No idea! Tell me why you want it.
His reply:
NOT YOUR CONCERN. JUST GET ME THE BIKE BY THURSDAY. NO MEDIA CONTACT, NO POLICE TIP-OFFS.
MY EYES AND EARS ARE EVERYWHERE. WE CAN DESTROY YOU.
Then the messages vanished.
/////
I TOOK the subway from Kendall to Harvard Square and went straight to the phone store.
“My battery’s not holding a charge,” I explained to the technician. “And I’ve been getting some weird texts from an unknown sender. Can you trace them?”
“That’s probably a job for the police,” said the tech. “But I can take a look, see what I can find.” He scrolled through. “What text messages? I don’t see any record of messages here.”
“Yeah, that happens. They go away. Could someone be controlling my phone?”
“Very possible. Someone could control it remotely and wipe data.”
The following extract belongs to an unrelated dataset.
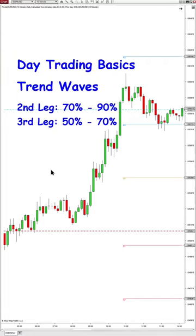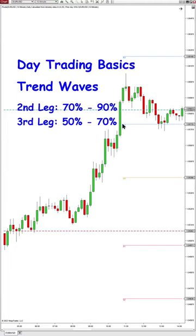Trend always goes by waves. You want to capture the second leg and the third leg because the second leg usually gives you 70 to 90% probability, and the third leg will give you 50 to 70% depending on how strong the first two legs are.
Wipe data. Like Juan Carlos’s phone number, which he’d typed into my phone the morning of Chain Reaction. And my half-finished text to him. And my exchanges with Darwin. All that was gone.
No wonder Darwin thought I might have something to do with the missing bike. I’d implicated myself by texting Juan Carlos and mentioning the bike in the woods. And he probably took Juan Carlos’s number out of there so I couldn’t warn him with any more details.
“Yeah, your phone’s infected with malware.” The tech made a clucking sound as he scrolled through a computer screen. “This model’s been particularly vulnerable to attacks. I see you’re still under warranty. Give me a half hour. I’ll wipe it, go back to factory settings, and install an antiviral for you.”
I wandered outside to wait and strolled through Harvard Square, down JFK Street toward the Charles River. It was a relief to be free of the phone for now, even for thirty minutes. I could almost feel normal again. Almost, but not quite.
Juan Carlos was dead. That was not normal.
My thoughts veered back to this reality every few moments. I resented all the cheerful people—tourists, students, moms with kids—who went about their daily business as if the earth had not been jolted off its axis. As if a good guy had not left this world.
I paused at a boutique, determined to distract myself even for a minute. I couldn’t walk around weeping all the time.
A rack of sundresses caught my eye, especially a red dress at the front.
“Looking for anything special?” a saleswoman asked.
“Oh. Um. No, thanks.” I had no business doing something as frivolous as shopping. The last time I’d shopped for a new dress was for Jake’s prom. I’d bought that silvery, shimmery column dress and gone to that prom less than a month ago. How long ago that seemed. A happy night, even though my parents had thought we were broken up, and I’d had to lie and say I was at Sarita’s. Jake had actually danced. We hadn’t talked about the bike scandal all night. You’re a snowflake, he’d murmured into my neck as we swayed under hot lights on the dance floor. Don’t melt. Promise me. Don’t ever go anywhere.
I won’t, I promised. Don’t go anywhere, either. Okay?
He hadn’t answered. Of course he was going somewhere. College. Cycling again. And I’d be going places, too. Hopefully to study journalism. The whole conversation now seemed absurd, begging someone not to go. But a kind of enchantment had come over us that night—maybe from the dress—and being in his arms had felt right.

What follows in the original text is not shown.